A Frosty Deal?

Graphic by Carl Goodwin

Reading news articles on the will-they-won’t-they post-Brexit trade negotiations with the EU sees days of optimism jarred by days of gloom. Do negative news articles, when one wants a positive outcome, leave a deeper impression?

I wondered if I could get a more objective view from quantitative analysis of textual data. To do this, I’m going to look at hundreds of articles published in the Guardian newspaper over the course of the year to see how trade-talk sentiment has changed week-to-week.

library(tidyverse)
library(rebus)
library(wesanderson)
library(kableExtra)
library(lubridate)
library(GuardianR)
library(quanteda)
library(scales)
library(tictoc)
library(patchwork)
library(text2vec)
library(topicmodels)
library(zoo)
library(glue)
theme_set(theme_bw())

cols <- wes_palette(name = "Chevalier1")

The Withdrawal Agreement between the UK and the European Union was signed on the 24th of January 2020. I’ll import Brexit-related newspaper articles from that date.

The Guardian newspaper asks for requests to span no more than 1 month at a time. So I’ll first create a set of monthly date ranges.

dates_df <- tibble(start_date = seq(ymd("2020-01-24"), today(), by = "1 month")) %>%
  mutate(end_date = start_date + months(1) - 1)

dates_df %>%
  kbl() %>% 
  kable_material()
start_date end_date
2020-01-24 2020-02-23
2020-02-24 2020-03-23
2020-03-24 2020-04-23
2020-04-24 2020-05-23
2020-05-24 2020-06-23
2020-06-24 2020-07-23
2020-07-24 2020-08-23
2020-08-24 2020-09-23
2020-09-24 2020-10-23
2020-10-24 2020-11-23

I’ll import the newspaper articles in monthly chunks. Note, access to the Guardian’s API requires a key which may be requested here.

tic()

article_df <-
  dates_df %>%
  pmap_dfr(., function(start_date, end_date) {
    Sys.sleep(1)
    get_guardian(
      "brexit",
      from.date = start_date,
      to.date = end_date,
      api.key = key
    )
  })

toc()

The data need a little cleaning, for example, to remove multi-topic articles, html tags and non-breaking spaces.

trade_df <-
  article_df %>%
  filter(!str_detect(id, "/live/"), sectionId %in% c("world", "politics", "business")) %>% 
  mutate(
    body = str_remove_all(body, "<.*?>") %>% str_to_lower(),
    body = str_remove_all(body, "[^a-z0-9 .-]"),
    body = str_remove_all(body, "nbsp")
  )

A corpus then gives me a collection of texts whereby each document is a newspaper article.
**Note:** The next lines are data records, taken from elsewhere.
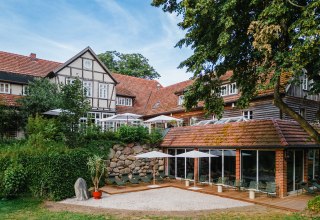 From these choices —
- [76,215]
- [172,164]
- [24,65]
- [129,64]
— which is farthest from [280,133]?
[129,64]

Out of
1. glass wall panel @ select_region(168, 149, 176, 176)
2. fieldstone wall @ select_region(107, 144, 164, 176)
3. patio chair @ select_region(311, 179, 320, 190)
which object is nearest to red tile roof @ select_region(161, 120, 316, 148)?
glass wall panel @ select_region(168, 149, 176, 176)

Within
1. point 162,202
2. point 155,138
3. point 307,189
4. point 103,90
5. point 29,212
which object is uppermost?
point 103,90

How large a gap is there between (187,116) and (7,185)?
50.6ft

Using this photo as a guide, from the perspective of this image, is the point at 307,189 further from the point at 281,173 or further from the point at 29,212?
the point at 29,212

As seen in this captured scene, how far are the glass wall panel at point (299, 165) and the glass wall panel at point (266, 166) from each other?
5.23 feet

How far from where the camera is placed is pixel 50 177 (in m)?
13.4

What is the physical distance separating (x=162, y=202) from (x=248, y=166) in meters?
5.31

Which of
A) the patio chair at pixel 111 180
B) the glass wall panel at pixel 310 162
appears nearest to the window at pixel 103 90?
the patio chair at pixel 111 180

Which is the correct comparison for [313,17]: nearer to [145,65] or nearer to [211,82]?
[211,82]

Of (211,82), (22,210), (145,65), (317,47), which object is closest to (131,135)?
(211,82)

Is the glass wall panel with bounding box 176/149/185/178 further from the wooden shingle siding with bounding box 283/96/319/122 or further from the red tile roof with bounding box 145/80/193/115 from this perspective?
the wooden shingle siding with bounding box 283/96/319/122

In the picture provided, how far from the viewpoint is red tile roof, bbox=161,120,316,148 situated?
14.1 metres

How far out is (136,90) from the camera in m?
32.9

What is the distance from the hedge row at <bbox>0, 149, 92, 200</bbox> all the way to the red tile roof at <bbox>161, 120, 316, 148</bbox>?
7.79 m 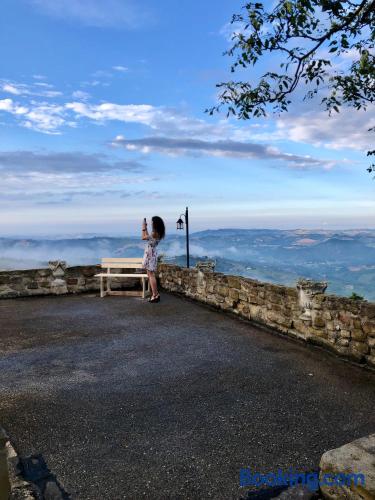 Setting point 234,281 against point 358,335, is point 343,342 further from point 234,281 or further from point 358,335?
point 234,281

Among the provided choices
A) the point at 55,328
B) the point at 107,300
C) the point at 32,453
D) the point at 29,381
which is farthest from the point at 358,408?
the point at 107,300

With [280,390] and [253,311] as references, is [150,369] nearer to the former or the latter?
[280,390]

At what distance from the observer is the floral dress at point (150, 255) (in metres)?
10.0

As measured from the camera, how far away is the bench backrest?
1102cm

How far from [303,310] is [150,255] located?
4678mm

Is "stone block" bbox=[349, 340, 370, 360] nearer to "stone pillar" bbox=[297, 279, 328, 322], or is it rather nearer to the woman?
"stone pillar" bbox=[297, 279, 328, 322]

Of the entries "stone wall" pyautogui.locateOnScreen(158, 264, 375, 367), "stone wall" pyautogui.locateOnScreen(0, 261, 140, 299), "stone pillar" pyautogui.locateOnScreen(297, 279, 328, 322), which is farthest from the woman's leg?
"stone pillar" pyautogui.locateOnScreen(297, 279, 328, 322)

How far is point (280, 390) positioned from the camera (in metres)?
4.66

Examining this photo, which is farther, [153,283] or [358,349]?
[153,283]

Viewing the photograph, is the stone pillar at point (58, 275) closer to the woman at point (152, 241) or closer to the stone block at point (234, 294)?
the woman at point (152, 241)

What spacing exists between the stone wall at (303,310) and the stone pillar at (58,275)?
13.9 ft

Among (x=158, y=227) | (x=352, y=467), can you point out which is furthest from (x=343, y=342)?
(x=158, y=227)

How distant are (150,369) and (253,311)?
3.08 m

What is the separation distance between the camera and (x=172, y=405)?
4.23 meters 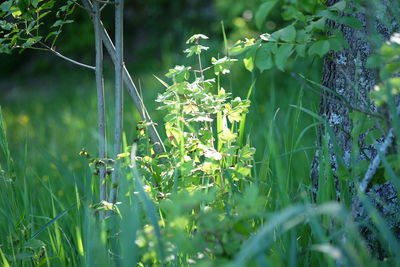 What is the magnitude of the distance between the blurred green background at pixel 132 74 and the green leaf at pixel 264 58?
5.72ft

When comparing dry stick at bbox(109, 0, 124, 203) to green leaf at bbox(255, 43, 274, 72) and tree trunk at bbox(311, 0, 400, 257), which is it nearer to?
green leaf at bbox(255, 43, 274, 72)

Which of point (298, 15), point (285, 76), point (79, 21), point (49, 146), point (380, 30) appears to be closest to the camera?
point (298, 15)

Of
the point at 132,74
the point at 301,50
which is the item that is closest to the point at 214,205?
the point at 301,50

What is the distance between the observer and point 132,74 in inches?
315

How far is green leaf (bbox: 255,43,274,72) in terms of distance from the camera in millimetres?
1504

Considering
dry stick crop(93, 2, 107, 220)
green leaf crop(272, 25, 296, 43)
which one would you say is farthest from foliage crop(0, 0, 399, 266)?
dry stick crop(93, 2, 107, 220)

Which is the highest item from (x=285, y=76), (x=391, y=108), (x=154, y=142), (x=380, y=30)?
(x=380, y=30)

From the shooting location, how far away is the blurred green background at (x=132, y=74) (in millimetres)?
4359

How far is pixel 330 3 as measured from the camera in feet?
6.17

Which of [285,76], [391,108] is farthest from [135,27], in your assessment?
[391,108]

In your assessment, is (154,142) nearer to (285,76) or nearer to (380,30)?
(380,30)

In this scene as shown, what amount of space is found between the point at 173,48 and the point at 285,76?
116 inches

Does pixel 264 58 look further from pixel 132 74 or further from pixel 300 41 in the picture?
pixel 132 74

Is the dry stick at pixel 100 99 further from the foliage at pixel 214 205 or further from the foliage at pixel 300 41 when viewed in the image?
the foliage at pixel 300 41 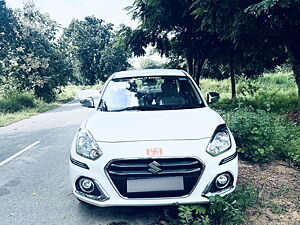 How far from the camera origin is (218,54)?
1212 cm

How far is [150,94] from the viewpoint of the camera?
152 inches

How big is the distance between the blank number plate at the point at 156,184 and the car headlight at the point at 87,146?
45cm

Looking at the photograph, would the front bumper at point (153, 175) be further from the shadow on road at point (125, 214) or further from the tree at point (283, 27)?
the tree at point (283, 27)

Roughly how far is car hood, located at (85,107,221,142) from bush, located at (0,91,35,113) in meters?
13.5

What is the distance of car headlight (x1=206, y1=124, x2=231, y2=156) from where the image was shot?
8.57 feet

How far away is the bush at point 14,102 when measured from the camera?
50.0 ft

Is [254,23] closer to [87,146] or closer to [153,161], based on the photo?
[153,161]

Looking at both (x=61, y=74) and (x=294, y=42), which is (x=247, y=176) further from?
(x=61, y=74)

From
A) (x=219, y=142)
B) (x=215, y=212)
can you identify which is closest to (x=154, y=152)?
(x=219, y=142)

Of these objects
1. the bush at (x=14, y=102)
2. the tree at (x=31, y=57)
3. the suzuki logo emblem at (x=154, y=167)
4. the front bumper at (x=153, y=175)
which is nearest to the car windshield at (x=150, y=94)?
the front bumper at (x=153, y=175)

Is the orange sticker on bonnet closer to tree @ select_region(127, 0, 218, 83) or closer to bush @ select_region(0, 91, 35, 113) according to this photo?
tree @ select_region(127, 0, 218, 83)

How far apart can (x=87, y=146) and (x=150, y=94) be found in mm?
1428

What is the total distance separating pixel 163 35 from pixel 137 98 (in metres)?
9.81

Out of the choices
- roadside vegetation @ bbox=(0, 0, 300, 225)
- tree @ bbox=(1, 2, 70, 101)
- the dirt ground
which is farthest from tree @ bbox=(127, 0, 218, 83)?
tree @ bbox=(1, 2, 70, 101) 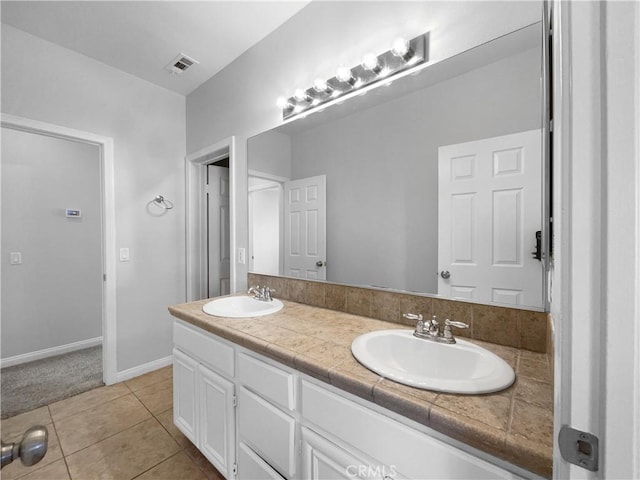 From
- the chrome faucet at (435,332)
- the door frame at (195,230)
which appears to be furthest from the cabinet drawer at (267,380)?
the door frame at (195,230)

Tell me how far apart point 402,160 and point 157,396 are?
2.49m

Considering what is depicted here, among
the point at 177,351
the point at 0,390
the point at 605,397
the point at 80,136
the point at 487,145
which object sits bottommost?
the point at 0,390

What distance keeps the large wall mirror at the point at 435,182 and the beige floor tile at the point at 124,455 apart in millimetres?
1338

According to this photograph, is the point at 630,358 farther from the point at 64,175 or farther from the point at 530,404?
the point at 64,175

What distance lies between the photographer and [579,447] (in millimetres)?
404

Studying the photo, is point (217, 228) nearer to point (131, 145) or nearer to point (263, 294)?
point (131, 145)

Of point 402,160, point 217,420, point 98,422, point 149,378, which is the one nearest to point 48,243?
point 149,378

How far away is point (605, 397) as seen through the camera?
1.25 feet

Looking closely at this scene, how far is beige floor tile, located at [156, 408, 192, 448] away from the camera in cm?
173

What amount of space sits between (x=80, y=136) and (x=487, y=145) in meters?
2.82

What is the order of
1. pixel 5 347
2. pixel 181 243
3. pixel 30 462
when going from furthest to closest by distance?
pixel 181 243
pixel 5 347
pixel 30 462

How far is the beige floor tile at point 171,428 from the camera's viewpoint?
173 centimetres

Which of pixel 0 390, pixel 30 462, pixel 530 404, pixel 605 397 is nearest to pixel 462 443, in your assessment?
pixel 530 404

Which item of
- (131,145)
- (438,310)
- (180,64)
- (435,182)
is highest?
(180,64) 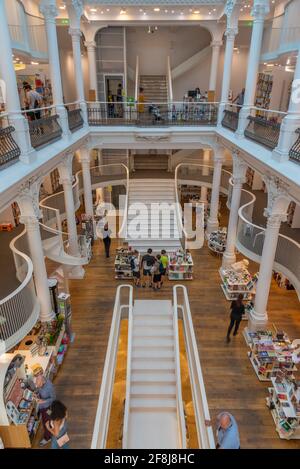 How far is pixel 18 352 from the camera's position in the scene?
7.16 m

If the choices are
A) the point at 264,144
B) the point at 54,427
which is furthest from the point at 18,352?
→ the point at 264,144

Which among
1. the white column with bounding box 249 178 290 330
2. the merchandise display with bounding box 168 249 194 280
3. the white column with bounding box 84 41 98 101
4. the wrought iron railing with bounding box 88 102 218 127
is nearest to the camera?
the white column with bounding box 249 178 290 330

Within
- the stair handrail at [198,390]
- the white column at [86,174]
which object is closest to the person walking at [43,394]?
the stair handrail at [198,390]

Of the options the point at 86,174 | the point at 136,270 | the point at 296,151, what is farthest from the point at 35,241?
the point at 86,174

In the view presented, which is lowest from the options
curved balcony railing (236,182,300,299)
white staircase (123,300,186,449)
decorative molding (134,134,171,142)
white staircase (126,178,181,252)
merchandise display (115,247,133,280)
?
white staircase (123,300,186,449)

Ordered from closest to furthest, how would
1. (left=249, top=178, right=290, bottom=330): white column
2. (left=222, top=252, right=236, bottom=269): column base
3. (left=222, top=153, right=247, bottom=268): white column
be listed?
(left=249, top=178, right=290, bottom=330): white column < (left=222, top=153, right=247, bottom=268): white column < (left=222, top=252, right=236, bottom=269): column base

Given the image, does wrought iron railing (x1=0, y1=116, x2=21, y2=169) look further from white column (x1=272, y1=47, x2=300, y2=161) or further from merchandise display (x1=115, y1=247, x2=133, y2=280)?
merchandise display (x1=115, y1=247, x2=133, y2=280)

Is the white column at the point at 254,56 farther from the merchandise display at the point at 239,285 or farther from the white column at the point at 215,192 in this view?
the merchandise display at the point at 239,285

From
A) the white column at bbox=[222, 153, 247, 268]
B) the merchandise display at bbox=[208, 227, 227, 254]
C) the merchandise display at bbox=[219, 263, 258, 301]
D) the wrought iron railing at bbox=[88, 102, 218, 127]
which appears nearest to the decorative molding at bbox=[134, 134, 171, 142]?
the wrought iron railing at bbox=[88, 102, 218, 127]

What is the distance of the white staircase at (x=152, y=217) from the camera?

trade_corp <- trade_df %>% 
  corpus(docid_field = "shortUrl", text_field = "body")

Although I’ve only imported articles mentioning Brexit since the Withdrawal Agreement was signed, some of these articles will not be related to trade negotiations with the EU. For example, there are on-going negotiations with many countries around the world. So, I’m going to use word embeddings to help narrow the focus to the specific context of the UK-EU trade deal.

The chief negotiator for the EU is Michel Barnier, so I’ll quantitatively identify words in close proximity to “Barnier” in the context of these Brexit news articles.

window <- 5

trade_fcm <- 
  trade_corp %>% 
  fcm(context = "window", window = window, count = "weighted", weights = window:1)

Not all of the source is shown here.